:: Source records
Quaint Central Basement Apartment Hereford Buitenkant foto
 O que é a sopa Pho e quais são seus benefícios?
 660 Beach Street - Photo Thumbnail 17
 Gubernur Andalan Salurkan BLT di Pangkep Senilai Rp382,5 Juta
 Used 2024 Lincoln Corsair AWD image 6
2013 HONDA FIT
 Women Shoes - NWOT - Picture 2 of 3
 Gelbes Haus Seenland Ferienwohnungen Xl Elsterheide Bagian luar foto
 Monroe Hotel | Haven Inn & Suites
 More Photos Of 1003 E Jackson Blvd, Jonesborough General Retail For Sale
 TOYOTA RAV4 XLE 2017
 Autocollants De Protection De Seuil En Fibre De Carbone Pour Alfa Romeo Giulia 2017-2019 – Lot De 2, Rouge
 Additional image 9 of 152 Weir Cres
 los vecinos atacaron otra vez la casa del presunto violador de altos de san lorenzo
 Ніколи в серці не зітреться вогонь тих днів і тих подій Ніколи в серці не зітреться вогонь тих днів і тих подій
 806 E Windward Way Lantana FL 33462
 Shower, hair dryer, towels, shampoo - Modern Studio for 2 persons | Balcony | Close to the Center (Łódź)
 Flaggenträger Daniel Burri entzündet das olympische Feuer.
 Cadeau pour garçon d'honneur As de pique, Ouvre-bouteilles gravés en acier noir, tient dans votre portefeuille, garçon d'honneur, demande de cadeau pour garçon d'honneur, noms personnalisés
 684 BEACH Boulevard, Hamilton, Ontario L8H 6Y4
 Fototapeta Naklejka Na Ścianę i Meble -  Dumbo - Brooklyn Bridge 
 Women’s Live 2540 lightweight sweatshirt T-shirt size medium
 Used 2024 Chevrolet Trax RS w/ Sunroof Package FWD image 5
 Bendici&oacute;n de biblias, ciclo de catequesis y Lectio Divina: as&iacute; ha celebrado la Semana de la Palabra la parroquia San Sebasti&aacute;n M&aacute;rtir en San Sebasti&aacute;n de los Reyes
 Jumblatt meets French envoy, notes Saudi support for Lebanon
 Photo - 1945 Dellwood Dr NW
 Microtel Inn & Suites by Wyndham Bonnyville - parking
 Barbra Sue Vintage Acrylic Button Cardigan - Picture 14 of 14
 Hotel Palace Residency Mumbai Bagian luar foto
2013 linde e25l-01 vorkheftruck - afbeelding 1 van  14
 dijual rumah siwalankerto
::::
All lines above in which the word "image" occurs should be identified and copied.

## Task output
 Used 2024 Lincoln Corsair AWD image 6
 Additional image 9 of 152 Weir Cres
 Used 2024 Chevrolet Trax RS w/ Sunroof Package FWD image 5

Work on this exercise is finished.